Problem to solve -> Could you print, exactly and without pictures, only the lines from the one with "Horse Riding Equestrian" through the end of the records below?

Task input ->
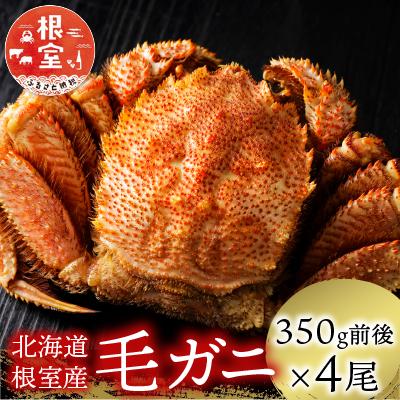 ふるさと納税 根室市 【北海道根室産】毛がに350g前後×4尾 C-21005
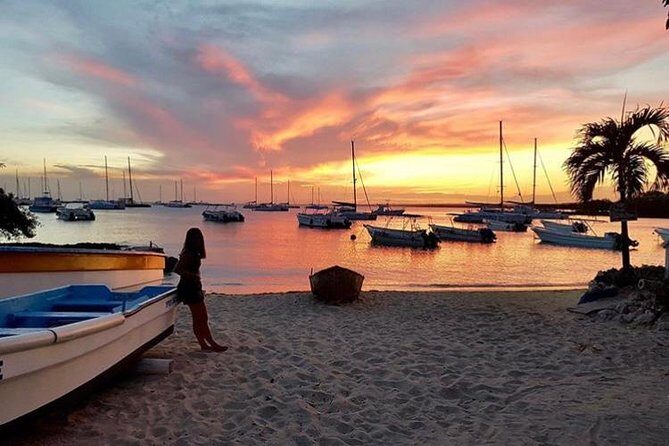 Round Trip Punta Cana Airport Shuttle - The Experience: What to Expect on Your Ride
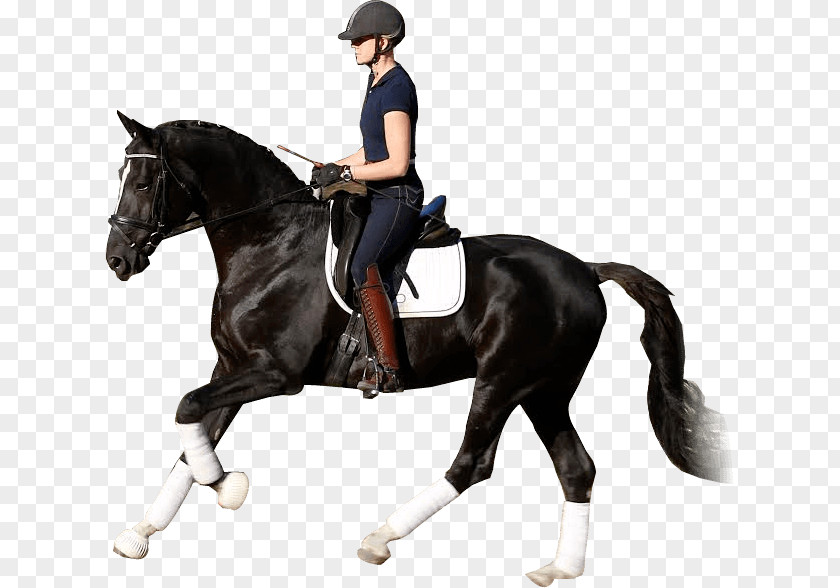 Horse Riding Equestrian Stallion Dressage Western PNG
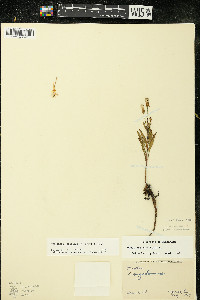 Oenothera oakesiana image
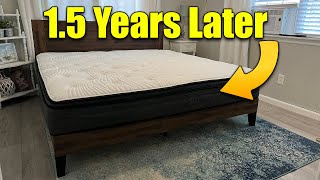 Mattress in a Box Review 2022  After 15 Years [upl. by Gerstein443]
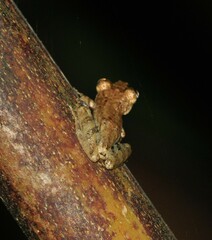 Scinax albicans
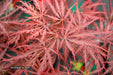 - Acer palmatum 'Heartbeat' Weeping Red Japanese Maple - Mr Maple │ Buy Japanese Maple Trees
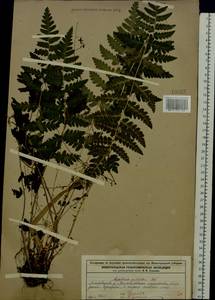 Dryopteris cristata (L.) A. Gray, Eastern Europe, Volga-Kama region (E7) (Russia)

Result ->
 Horse Riding Equestrian Stallion Dressage Western PNG
 Oenothera oakesiana image
 Mattress in a Box Review 2022  After 15 Years [upl. by Gerstein443]
 Scinax albicans
 - Acer palmatum 'Heartbeat' Weeping Red Japanese Maple - Mr Maple │ Buy Japanese Maple Trees
 Dryopteris cristata (L.) A. Gray, Eastern Europe, Volga-Kama region (E7) (Russia)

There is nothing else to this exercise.